The repair of two potable water tanks that was supposed to cost $53,000 ended up costing $1.6 million in extra fix-it work. 
Rebuilding fuel pumps improperly on the Louis St. Laurent arctic icebreaker cost $6 million 
Fraser also detailed another incident in which the failure to properly bolt down an engine cost taxpayers $1.6 million.

"In some cases, it's like teaching an old dog new tricks. You take someone who's been on the sea 30 years and he knows his boat. Sometimes you fix it with a rubber band and a straight pin," Hearn said.

Fisheries and Oceans, which oversees the Coast Guard, said the agency is already at work to address some of its failures.

"A realistic and incremental approach is now being developed to address these matters over the longer term, beginning with a manageable number of key priorities," the department wrote to Fraser.


With a report from CTV's Graham Richardson and files from The Canadian Press


----------



## Colin Parkinson (14 Feb 2007)

Why am I not surprised? We used to say that CCG was screwed up, but Fisheries was worse! Once they moved CCG into DFO, they were truly screwed, DFO used to divert funds for the CCG to keep other projects running, spent very little on the fleet, sold off new vessels, took both good ice breakers/buoy tenders from the west coast and replaced them with clapped out ships that had to be sold off and then they had to send a replacement vessel of the same class as the ones that were taken from the West Coast!! Also DFO management did their very best to destroy any Esprit de’ Corp in the guard by trying to prevent us from using the CCG crest, only because everyone from top to bottom in CCG continued to defy the directives did the DFO management finally relent.  

The East coast decided on building British designed Arun class lifeboats, despite the fact that the British were retiring all of their as the design was obsolete.
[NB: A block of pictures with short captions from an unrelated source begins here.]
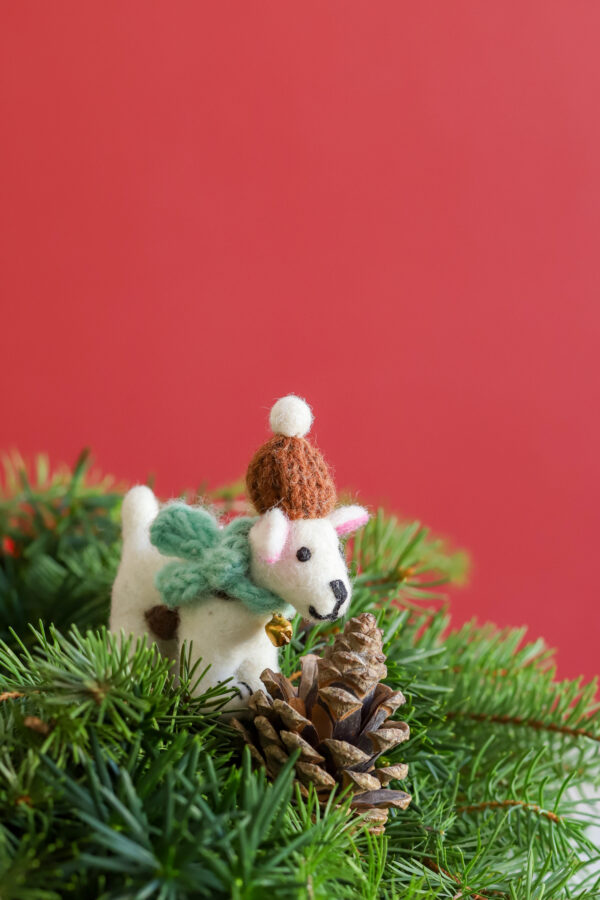Felt Ornament Dog with scarf - Image 2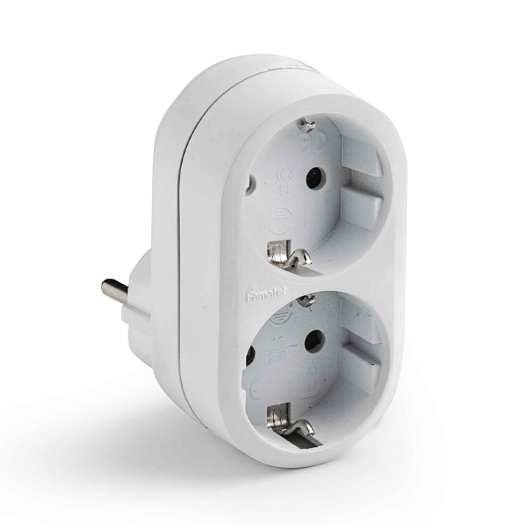 adaptateur double schuko 2p+t 16a 250 v avec entrée frontale, blanc, blister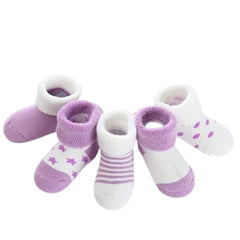 MOMISY 5 Pairs Baby Girl Boys Tube ankle Socks for Baby Girl BoysToddlers Infant kids (Purple, 0 Months to 6 Months)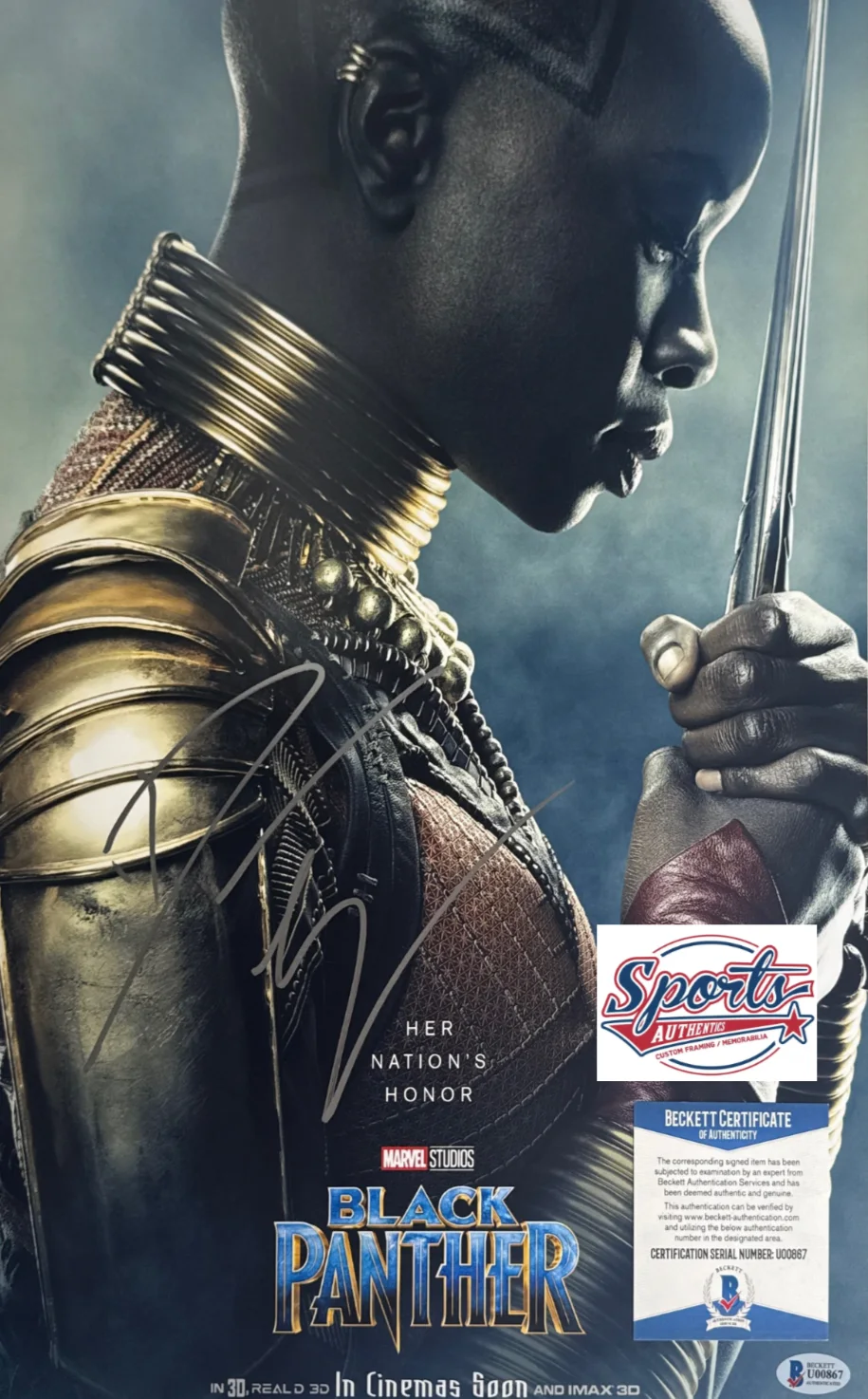 Danai Gurira — Danai Gurira Signed 12x18 Black Panther Photo BAS U00867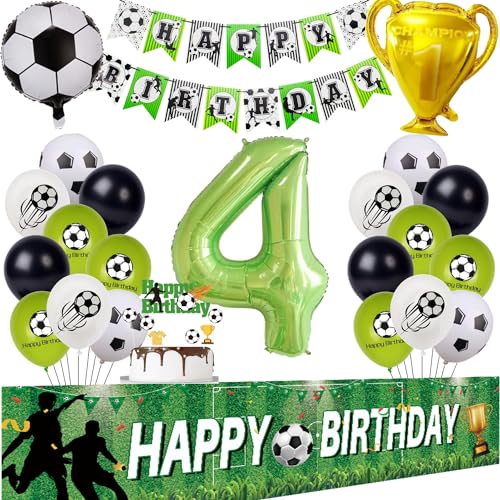 Fußball 4 Geburtstag Deko Fussball Luftballon 4. Geburtstag Grün Geburtstagsdeko Jungen 4 Jahre Fussball Ballon 4 Geburtstag Fussball Hintergrund 4 Jahre Junge Fußball 4. Fussball Party Deko von Hongyantech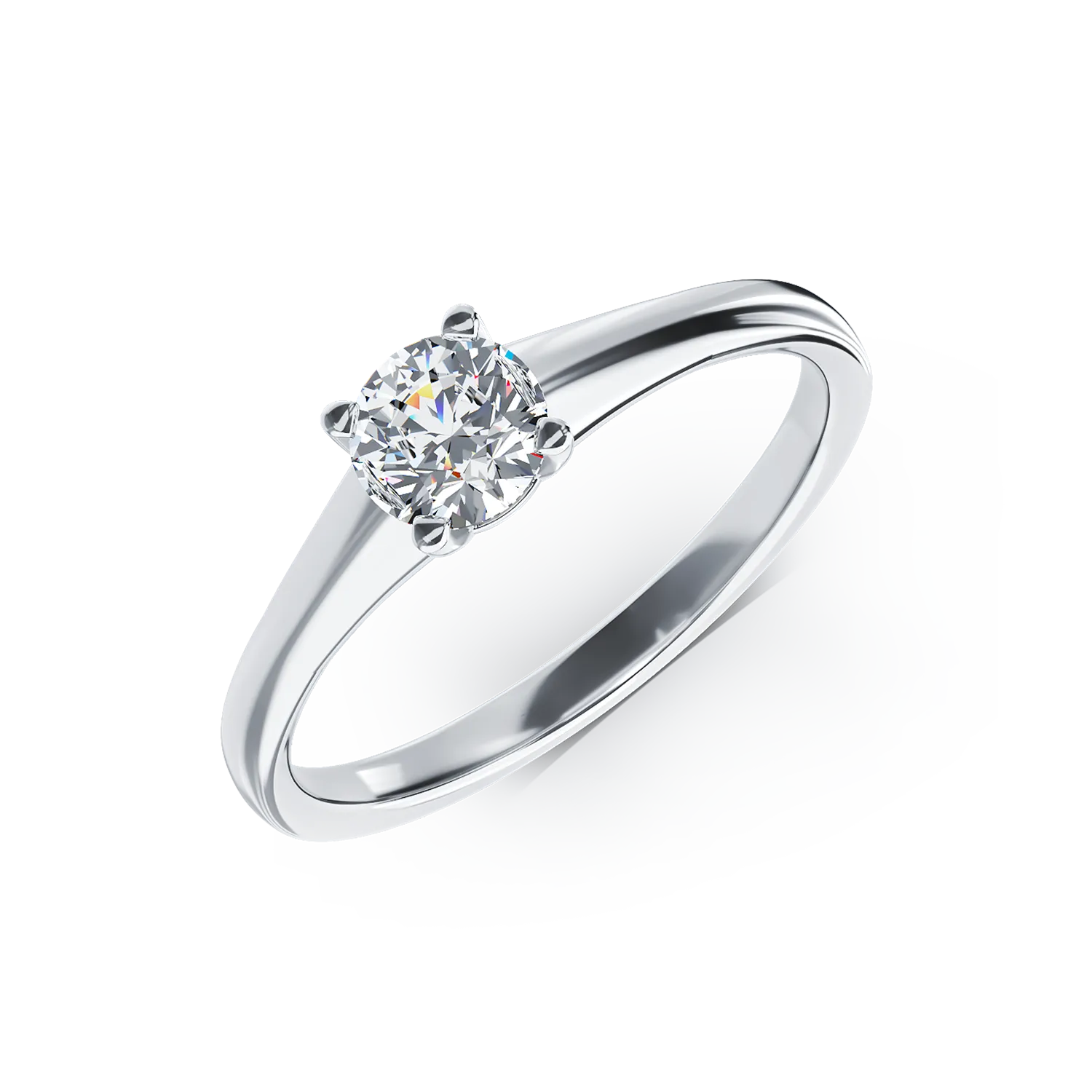 18K white gold engagement ring with a 0.4ct solitaire diamond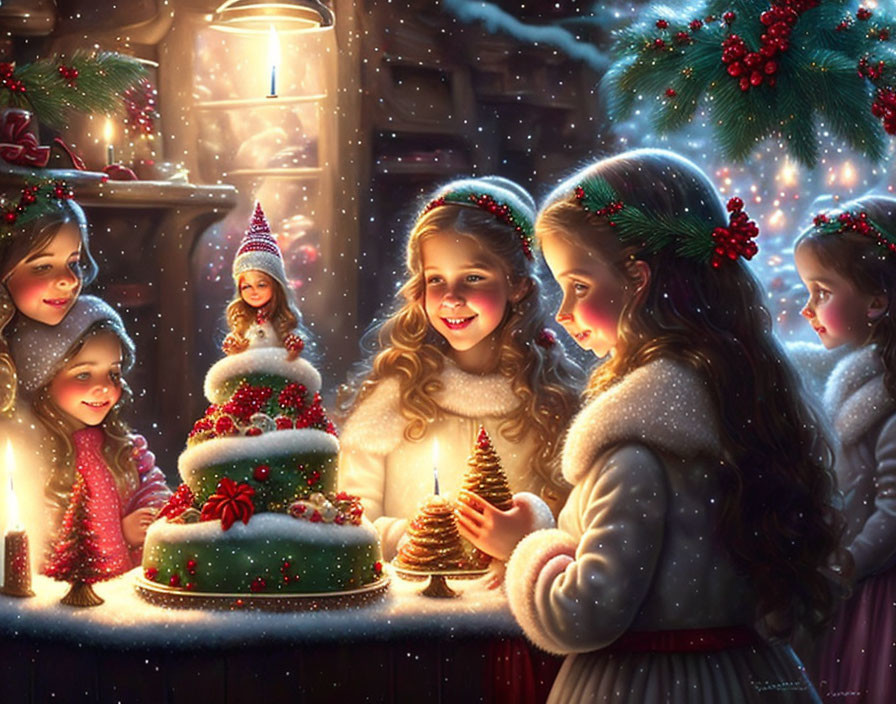 Children admiring Christmas tree cake in snowy window scene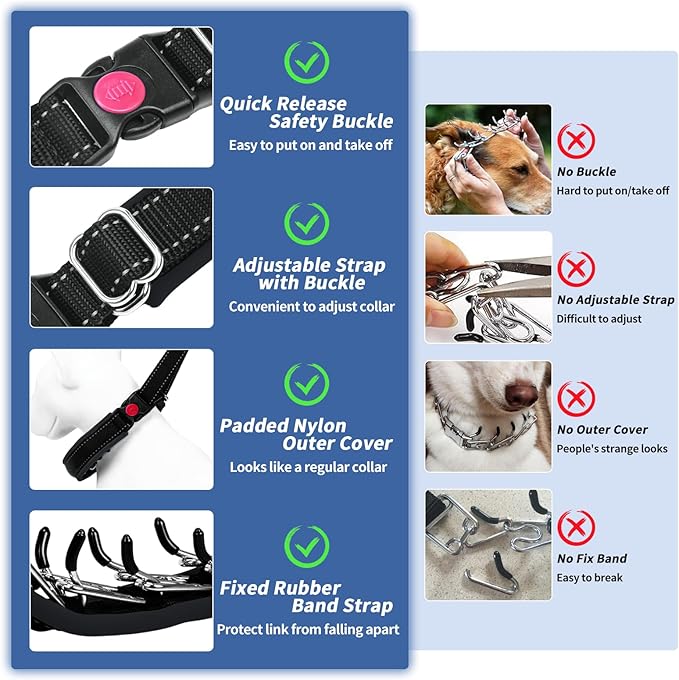 Heavy Duty Nylon No Pull Dog Collar with Buckle, Adjustable Anti Pull Reflective Slip Collar for Large Medium Small Dogs - M Black
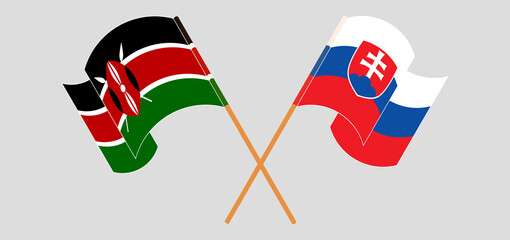Crossed and waving flags of Kenya and Slovakia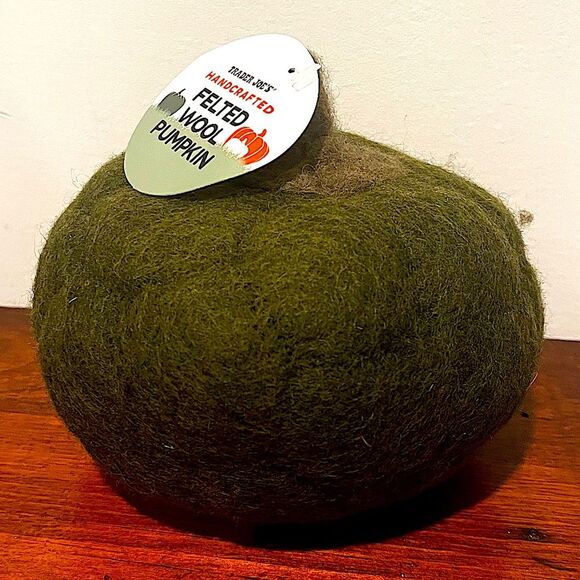 NWT Trader Joe’s Green Handcrafted Felted Wool Pumpkin - Picture 4 of 5
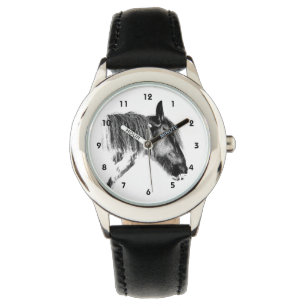 Schwarzweiss-Pferd Armbanduhr
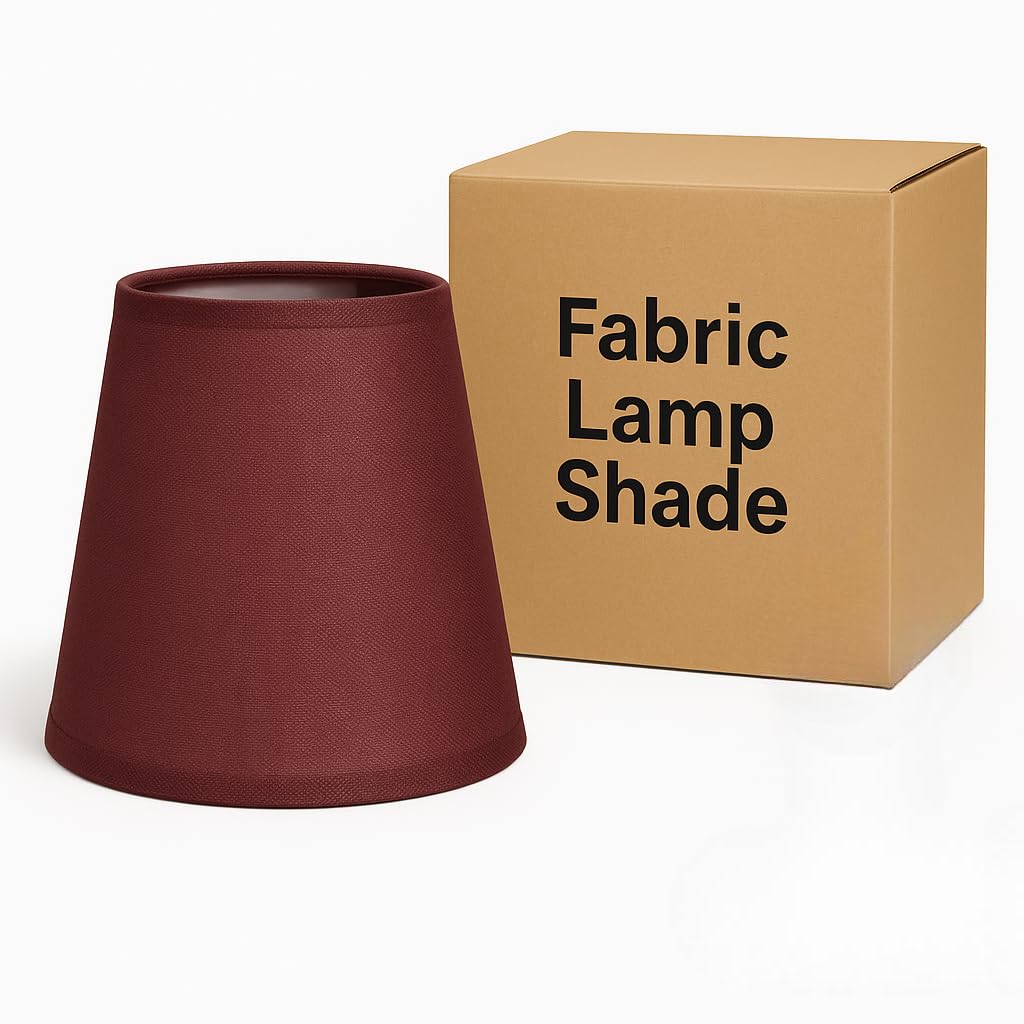 Fabric Lamp Shade 16-30 cm – Linen, Pleated or Cone, Easy Fit - Burgundy, 16 cm with Reducer Ring, Single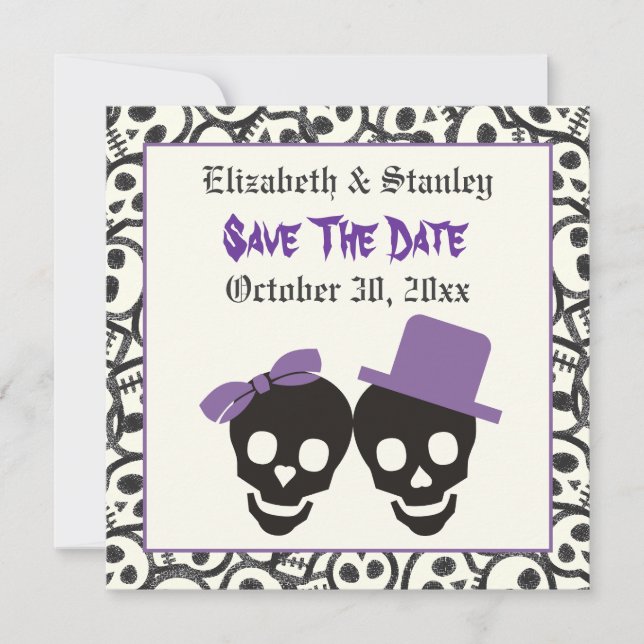 Elegante Skulls Halloween Hochzeit Save the Date (Vorderseite)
Luckily the West Coast insisted on the excellent US designed 47’ Lifeboat, unfortunately they gave the contract to a yard in Kingston, Ontario who had never built an aluminum boat before!!! The first 2 were so poorly built, they had to pull the contract and give it to a West coast yard that had the experience to build such craft.

Average time for a overtime check has been running around 3-6 months, they screwed your pay so badly that everyone was afraid when an unexpected cheque would arrive. They overpaid my assistant and then took the money back in December without notification, screwing their Christmas and breaking a few HR rules along the way. They screwed my pay, wanted money from me, I told them to issue a new T4 slip as per Treasury Board policy, they refused, because issuing a new T4 slips triggers a report to the AG office. Compensation office was so bad that we had bomb threats in the headquarters building from disgruntled employees.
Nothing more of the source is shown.